**What you have to do:**
In the output, include exactly the lines from the beginning of the records up to and including the one that contains "Then, all the", and leave out the pictures.
------ Data listing ------
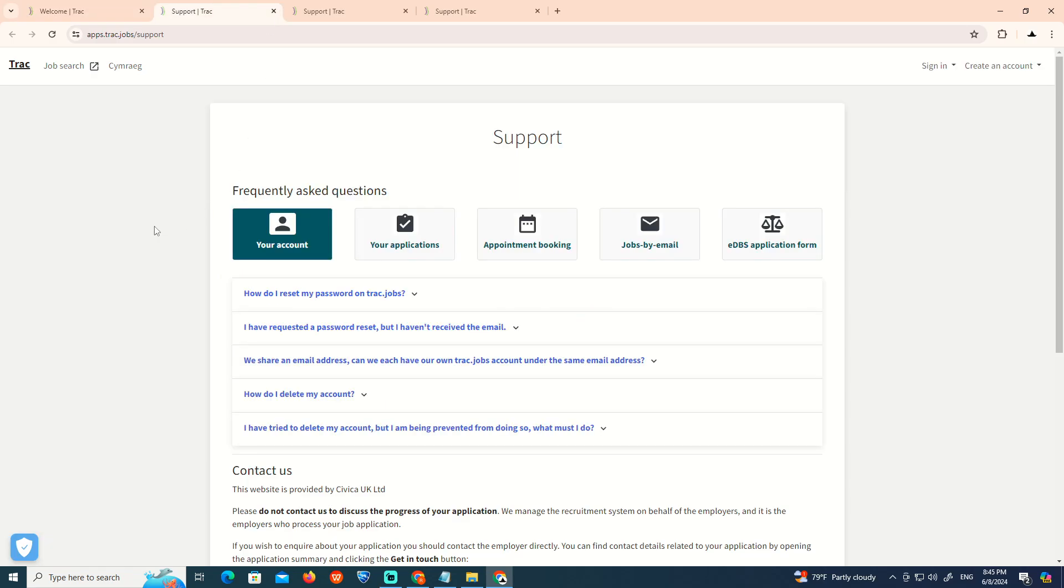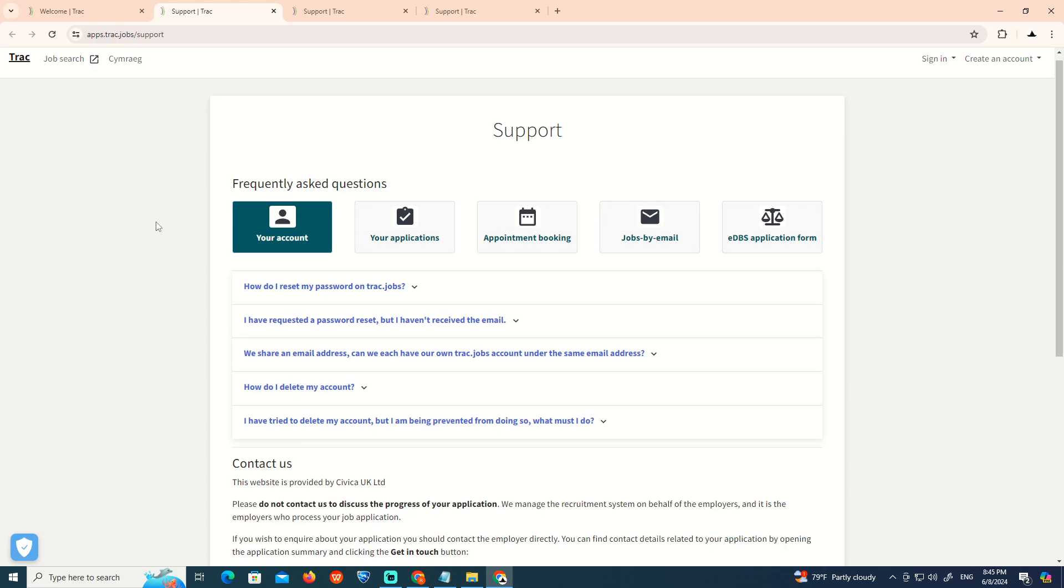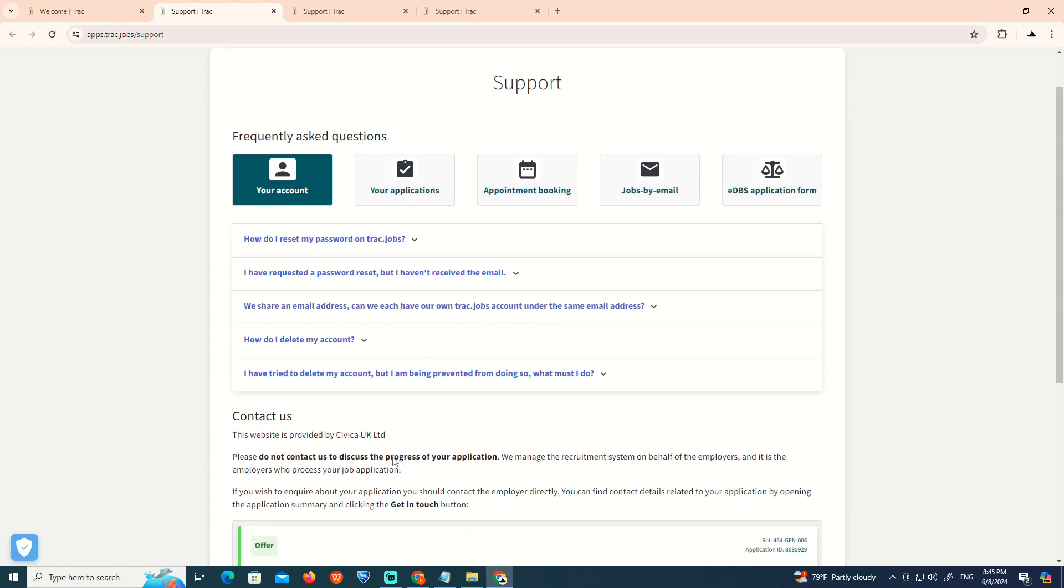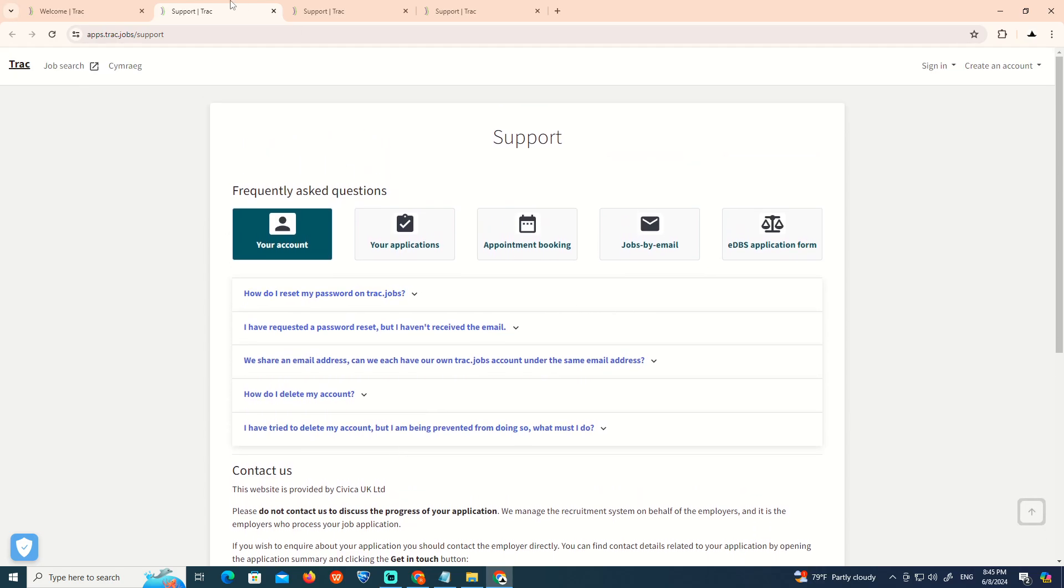At the start, we're on Trac support page. We're looking at the placement where all you need to do is apply for the application, including job supply by email and also DPS application code.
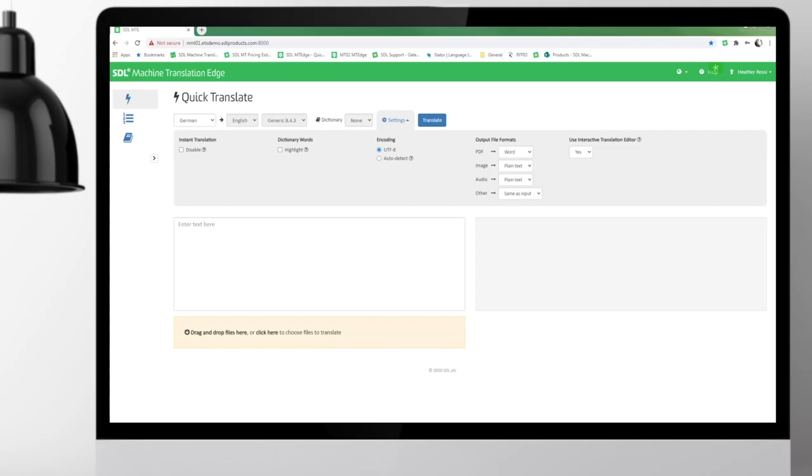I want to demonstrate the Interactive Translation Editor on SDL Machine Translation Edge. You would use ITE when you want to do some post-editing of your machine translated content, but do not want to do it in a separate computer-aided translation tool.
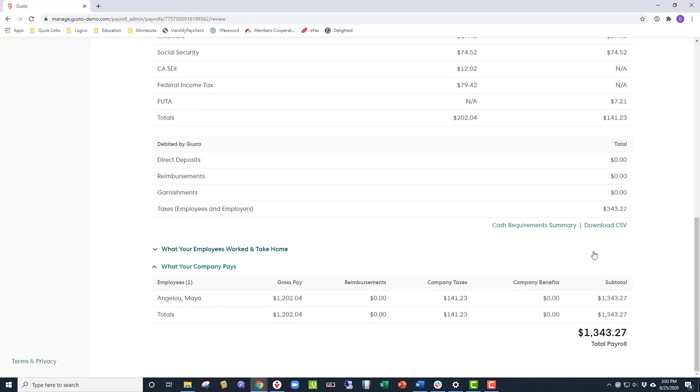Then, all the way at the bottom of the screen, we'll see the total of the payroll, which is $1,343.27, which, if we take the $1,000 payment to Maya out, is the exact amount of taxes the company is liable for.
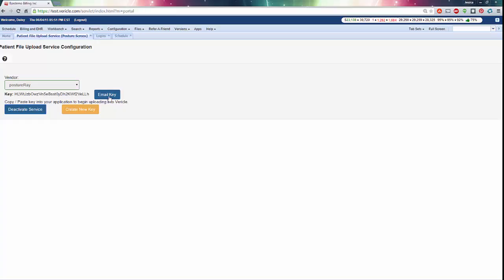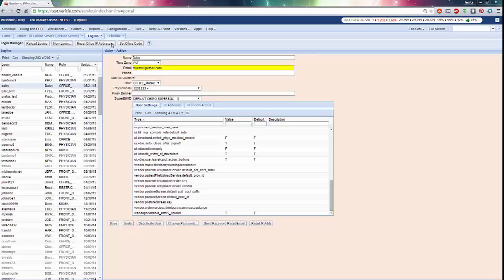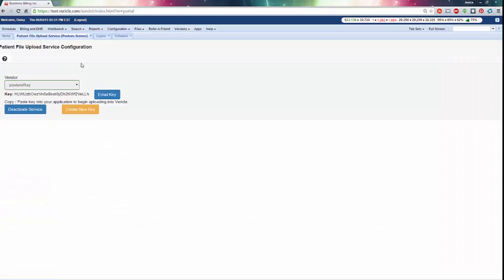You can now email this key to the address associated with your login. If that email address is not accessible on the iPad or the computer that has the program, you can type the displayed key into Posture Screen or Posture Ray. Emailing it just allows you to copy and paste.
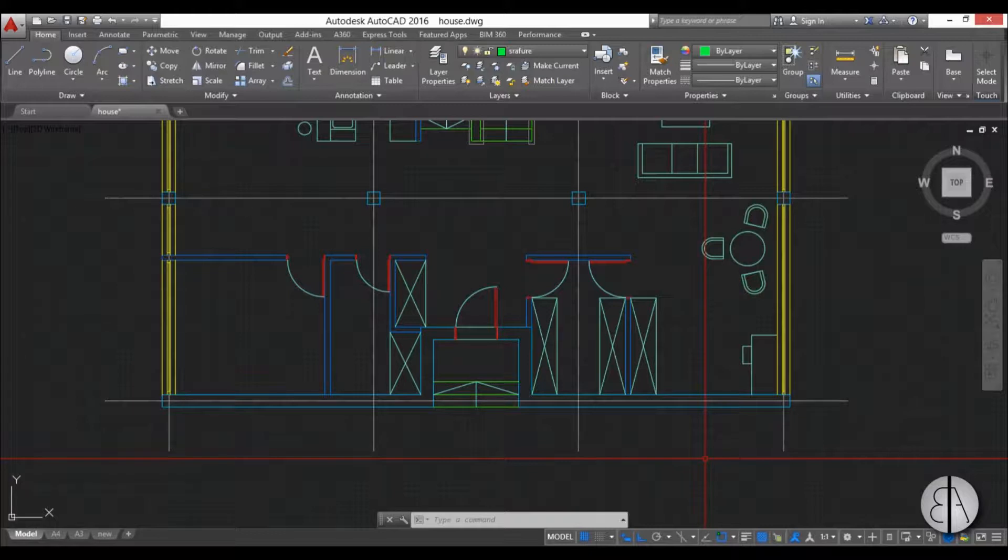Hello, this is the Balkan Architect and in this video I will show you everything you need to know about hatch in Revit.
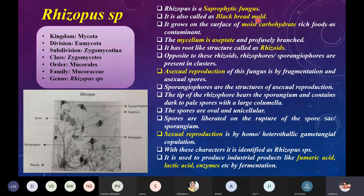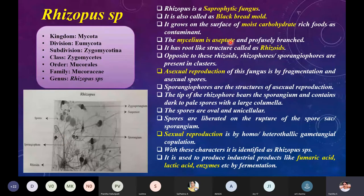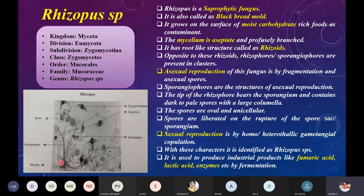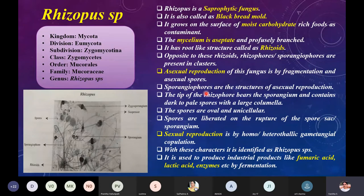Rhizopus is a saprophytic fungus, also called black bread mold. It grows on the surfaces of moist carbohydrate-rich foods as a contaminant. The mycelium is aseptate — meaning it is not divided or segregated — unlike Aspergillus which has septa. The mycelium is profusely branched. It has root-like structures called rhizoids, and opposite to these rhizoids, sporangiophores are present in clusters. Asexual reproduction is by fragmentation and by asexual spores.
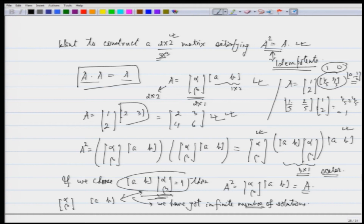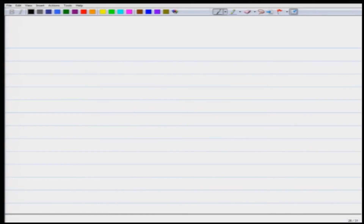You have to understand these small ideas when constructing matrices — it is each row or each column of the matrix that plays a very important role.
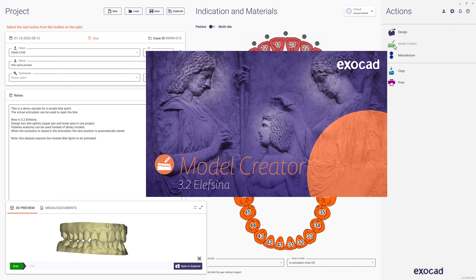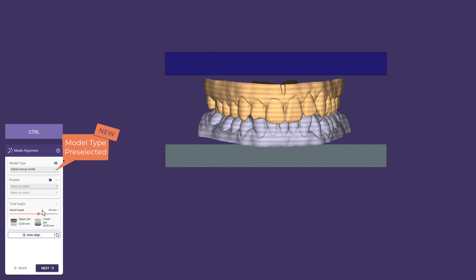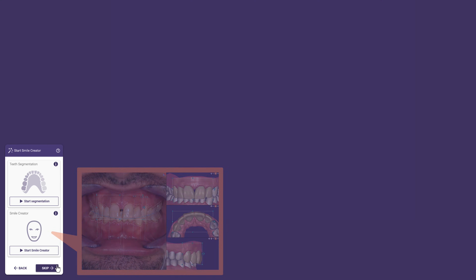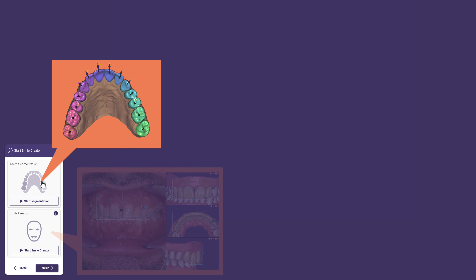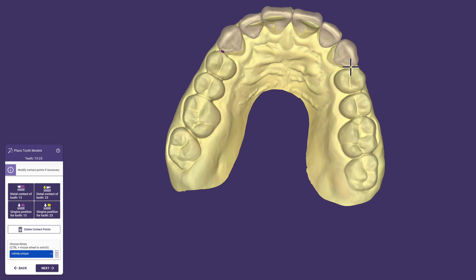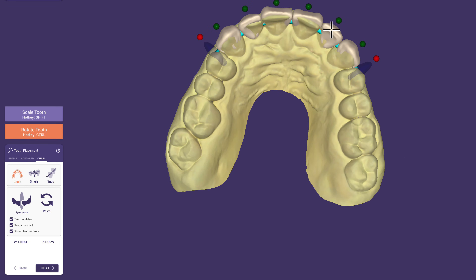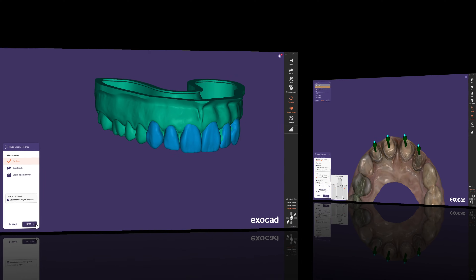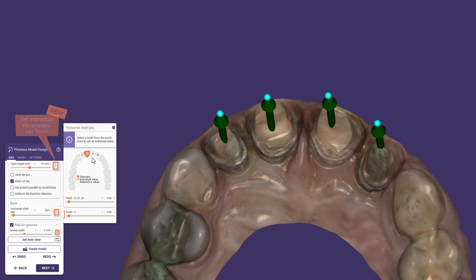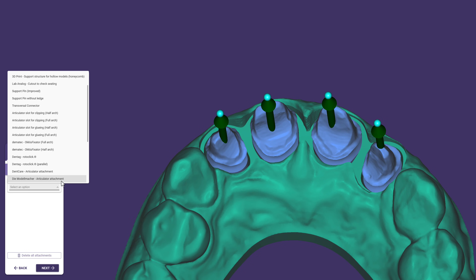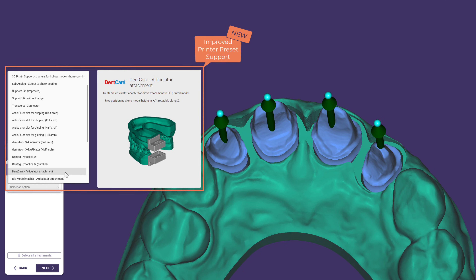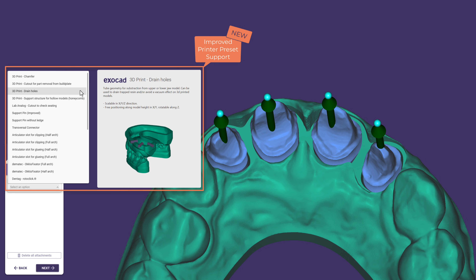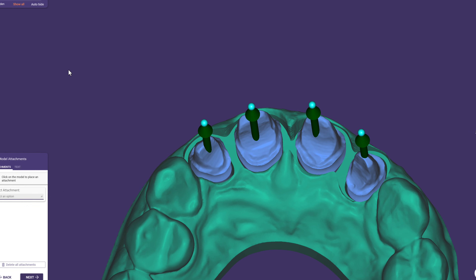Let's have a look at the improved model creator. We have added a workflow to help you design mockup models faster than ever before — you can make use of the migrator or a new segmentation. The wizard guides you through setup quickly and efficiently, and finally merges design and model so you can print this diagnostic mockup right away. We also added per-tooth parameterization for individual die adjustment, improved printer preset support, and added helpful explanations and illustrations to attachment types.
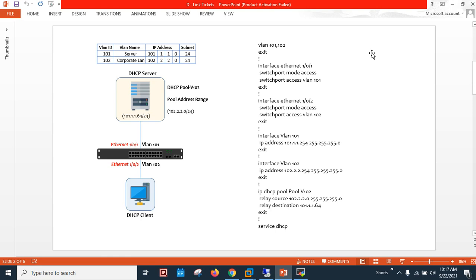Hello everyone, welcome back to my new video — a new exercise related to third-party DHCP server configuration. As you can see in my drawing, on the right-hand side I have already put the commands on how to apply the configuration using CLI mode. I'm using a Microsoft server in my lab. The DHCP pool is configured on the Microsoft server, which is part of VLAN 101, while the DHCP client is part of VLAN 102 — so both are in different VLANs.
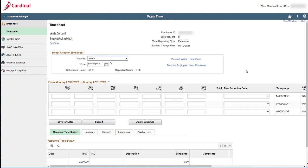The timesheet page displays for the selected employee and date. You have seen this page before when you learned how to complete your own timesheet, so I'm not going to go into a complete overview of the timesheet again. But what I do need to do is call out just a couple of things here that are unique to you since you are viewing one of your employees' timesheet and not your own.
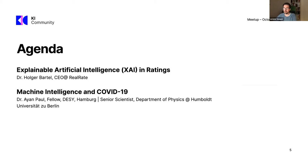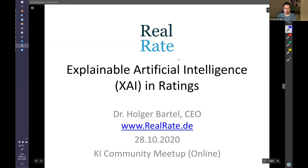On the agenda today we have two interesting talks. First, Holger will tell us about explainable artificial intelligence in ratings — I'm quite excited about that because I have no clue what this topic is about. Then Ayan will tell us about machine intelligence and COVID-19. Without further ado, let's start with the actual talks. I'll give the word to Holger — it's your turn now.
------
**Solved problem:**
At the start, we're on Trac support page. We're looking at the placement where all you need to do is apply for the application, including job supply by email and also DPS application code.
I want to demonstrate the Interactive Translation Editor on SDL Machine Translation Edge. You would use ITE when you want to do some post-editing of your machine translated content, but do not want to do it in a separate computer-aided translation tool.
Then, all the way at the bottom of the screen, we'll see the total of the payroll, which is $1,343.27, which, if we take the $1,000 payment to Maya out, is the exact amount of taxes the company is liable for.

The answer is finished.